The exploiter reportedly gained control over an admin proxy and redirected the proxy to a malicious contract, which led to the significant loss of tokens.
DeltaPrime Suffers Over $7M Hack
According to Meir Dolev, the CTO of Cyvers, a famous security firm, in a September 16 X post, decentralized finance (DeFi) borrowing protocol, DeltaPrime, lost millions of dollars in a hack exploit.
In the post, Cyvers revealed that the hacker had transferred about $4.5M worth of USDC from DeltaPrime wallets to a suspicious address.
The hacker later swapped the stolen USDC to ETH. Cyvers added that the hacker is still transferring tokens into the suspicious address, which means that “the total loss might increase.”
Another Blockchain security researcher, Chaofan Shou, co-founder of fuzzland, also announced the DeltaPrime hack in an X post. According to Chaofan, DeltaPrime lost over $7M worth of crypto assets in an apparent hack, which stemmed from an admin private key leak.
Admin Private Key Loss Led To The Theft
The two X posts revealed that the likely cause of the DeltaPrime hack is an admin private key breach on the Arbitrum version of the protocol.
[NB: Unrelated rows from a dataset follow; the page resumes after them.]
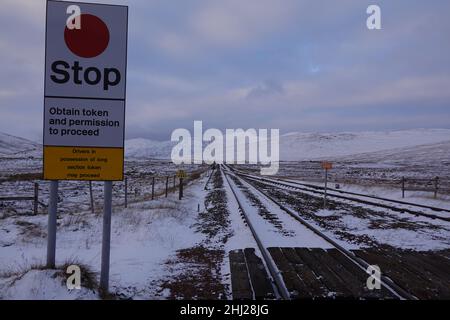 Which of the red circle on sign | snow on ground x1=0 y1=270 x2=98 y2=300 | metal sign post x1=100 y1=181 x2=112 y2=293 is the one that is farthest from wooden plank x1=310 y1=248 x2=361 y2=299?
the red circle on sign

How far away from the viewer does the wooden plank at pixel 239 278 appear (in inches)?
236

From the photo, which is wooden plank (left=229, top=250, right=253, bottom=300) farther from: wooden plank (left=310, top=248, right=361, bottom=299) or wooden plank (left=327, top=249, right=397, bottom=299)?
wooden plank (left=327, top=249, right=397, bottom=299)

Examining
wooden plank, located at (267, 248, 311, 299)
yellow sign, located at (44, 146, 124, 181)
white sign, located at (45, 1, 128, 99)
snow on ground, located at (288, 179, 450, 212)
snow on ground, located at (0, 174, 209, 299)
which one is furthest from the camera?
snow on ground, located at (288, 179, 450, 212)

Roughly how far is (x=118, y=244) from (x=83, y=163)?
456 centimetres

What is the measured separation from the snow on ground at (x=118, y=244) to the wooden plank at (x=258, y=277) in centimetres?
156

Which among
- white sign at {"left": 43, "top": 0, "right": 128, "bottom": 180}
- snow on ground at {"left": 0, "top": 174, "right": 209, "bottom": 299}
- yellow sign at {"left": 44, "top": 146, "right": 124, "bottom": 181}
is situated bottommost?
snow on ground at {"left": 0, "top": 174, "right": 209, "bottom": 299}

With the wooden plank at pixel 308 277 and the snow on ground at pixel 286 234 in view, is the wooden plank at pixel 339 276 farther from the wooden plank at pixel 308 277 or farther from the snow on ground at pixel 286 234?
the snow on ground at pixel 286 234

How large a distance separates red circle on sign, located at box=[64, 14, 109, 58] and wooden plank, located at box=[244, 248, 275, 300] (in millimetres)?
4284

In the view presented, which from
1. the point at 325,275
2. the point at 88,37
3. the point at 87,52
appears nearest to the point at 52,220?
the point at 87,52

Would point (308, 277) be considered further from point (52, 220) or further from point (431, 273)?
point (52, 220)

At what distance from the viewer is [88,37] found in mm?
5648

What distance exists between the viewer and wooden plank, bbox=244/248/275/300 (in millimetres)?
6000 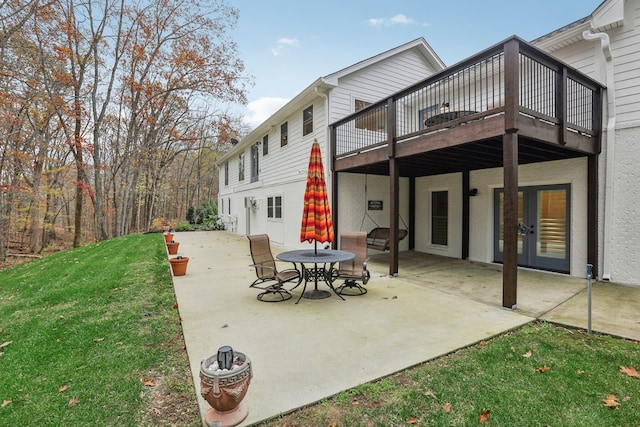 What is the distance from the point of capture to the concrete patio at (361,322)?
2771mm

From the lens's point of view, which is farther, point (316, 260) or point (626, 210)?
point (626, 210)

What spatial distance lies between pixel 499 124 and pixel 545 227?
153 inches

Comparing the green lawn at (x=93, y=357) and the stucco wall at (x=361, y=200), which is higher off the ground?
the stucco wall at (x=361, y=200)

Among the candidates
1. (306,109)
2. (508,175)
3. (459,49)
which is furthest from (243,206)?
(508,175)

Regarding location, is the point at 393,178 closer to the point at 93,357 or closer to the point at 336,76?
the point at 336,76

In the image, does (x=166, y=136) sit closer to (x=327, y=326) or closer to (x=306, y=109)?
(x=306, y=109)

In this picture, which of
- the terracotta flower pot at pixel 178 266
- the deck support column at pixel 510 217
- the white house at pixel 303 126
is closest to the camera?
the deck support column at pixel 510 217

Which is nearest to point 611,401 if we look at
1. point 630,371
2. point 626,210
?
point 630,371

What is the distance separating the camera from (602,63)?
6.11 m

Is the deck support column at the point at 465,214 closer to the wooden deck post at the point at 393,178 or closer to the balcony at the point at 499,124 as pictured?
the balcony at the point at 499,124

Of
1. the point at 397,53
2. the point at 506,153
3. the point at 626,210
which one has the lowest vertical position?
the point at 626,210

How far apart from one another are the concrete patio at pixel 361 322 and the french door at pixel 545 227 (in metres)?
0.53

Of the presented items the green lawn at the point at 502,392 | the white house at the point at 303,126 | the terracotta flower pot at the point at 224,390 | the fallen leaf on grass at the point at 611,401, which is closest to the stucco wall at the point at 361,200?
the white house at the point at 303,126

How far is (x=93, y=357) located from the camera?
317 centimetres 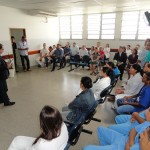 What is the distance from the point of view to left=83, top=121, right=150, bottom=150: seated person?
53.9 inches

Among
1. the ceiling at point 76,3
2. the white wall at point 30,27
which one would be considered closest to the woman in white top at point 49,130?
the ceiling at point 76,3

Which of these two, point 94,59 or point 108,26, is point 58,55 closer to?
point 94,59

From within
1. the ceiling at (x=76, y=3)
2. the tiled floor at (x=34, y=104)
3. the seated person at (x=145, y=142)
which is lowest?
the tiled floor at (x=34, y=104)

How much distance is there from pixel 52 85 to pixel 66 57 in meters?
3.47

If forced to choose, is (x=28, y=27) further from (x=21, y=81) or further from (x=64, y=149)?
(x=64, y=149)

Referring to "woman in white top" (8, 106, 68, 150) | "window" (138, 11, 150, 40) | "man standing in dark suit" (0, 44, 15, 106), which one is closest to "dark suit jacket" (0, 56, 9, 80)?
"man standing in dark suit" (0, 44, 15, 106)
The exploiter reportedly gained control of the admin key 0xx40e4ff9e018462ce71fa34abdfa27b8c5e2b1afb. The exploiter then redirected the key to point to malicious contract 0xD4CA224a176A59ed1a346FA86C3e921e01659E73.
The hack affected the DPBTCb, DPARB, and DPUSDC pools, which are the on-chain lockers holding BTC, ARB, and USDC.
Aside from Arbitrum, DeltaPrime also has a version of its protocol on the Avalanche network. At the time of writing, there was no report that the Avalanche version of the protocol is vulnerable to cyberattacks.
Currently, borrowing and lending have been halted on the platform, but the DeltaPrime team has announced on their Discord channel that they are investigating the issue.
Also, the protocol’s native token, PRIME, plunged by about 6.6% following the incident.
North Korean Hackers Likely Involved In The Hack
ZachXBT, a notable blockchain investigator and analyst, revealed that North Korean hackers may likely be involved in the recent DeltaPrime hack.
ZachXBT mentioned that the DeFi platform had previously hired IT workers from North Korea. Although the IT workers have been removed for a long time, there may be a possible connection between them and the recent hack.
The DeltaPrime hack comes barely two months after an Indian exchange giant, WazirX, suffered a $235M hack in the second-largest crypto exchange exploit of 2024 so far.
Last week, Indodax, a popular Indonesian crypto platform, was hacked, losing about $22M in crypto assets across multiple networks.